А вот если бы и каждый эти все истины-правила усвоил - то откроются, мол, все людские пути, в том числе и в национальных раздорах. (С большой композиционной лёгкостью и не без изящества автор вскоре после крестин забрасывает своего героя на похороны еврейского родственника, заядлого старого коммуниста. Над красным гробом Лев Ильич смущённо крестится, дама гневно блеснула: "Как вам не стыдно!", а старый кладбищенский еврей, очень ярко обрисованный, обличает: "Мешумед! Отступник!", но охотно соглашается выпить с ним водки.)
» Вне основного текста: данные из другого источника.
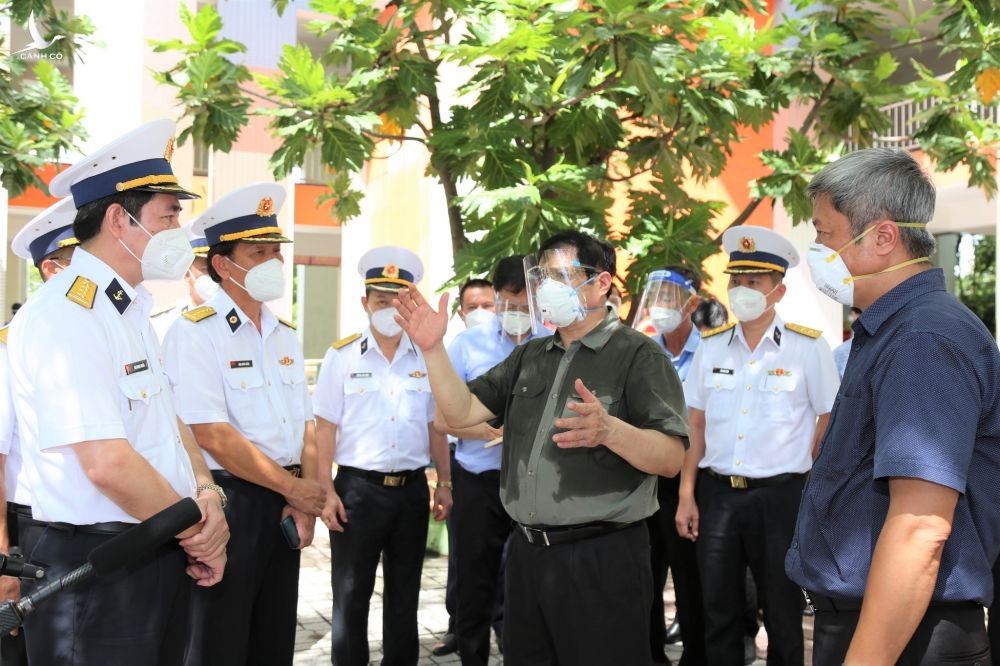 Thủ tướng Phạm Minh Chính kiểm tra công tác phòng, chống dịch tại Tân cảng Sài Gòn - ảnh 1
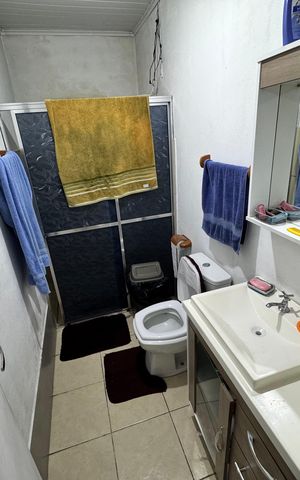 Casa à venda com 120m², 2 quartos e 2 vagas Casa à venda com 120m², 2 quartos e 2 vagasBanheiro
Где ж, как не в XX веке, вопреки ожиданиям всех гуманистов, никак не угасли, а утвердились и обострились многие национальные чувствования. И особенно напряжены они у народов, перенесших крупные национальные катастрофы и в опасении повторного их налёта. Такое тревожное напряжение духа досталось и евреям, и русским. И требовательное пересечение этих силовых линий, столь характерное для московского образованного круга 70-80-х годов, нашло себе сгущённое выражение, вместилось в грудь световского героя. Остроте национальных - нет, только еврейско-русских - отношений, в романе уделено большое место, и многократными возвратами. В 1974-75-м это было ещё понову, в литературе эти остроколючие вопросы почти не были названы, здесь едва ли не впервые - и автор вложил весь объём полемики, какой только успел при завихрениях романа.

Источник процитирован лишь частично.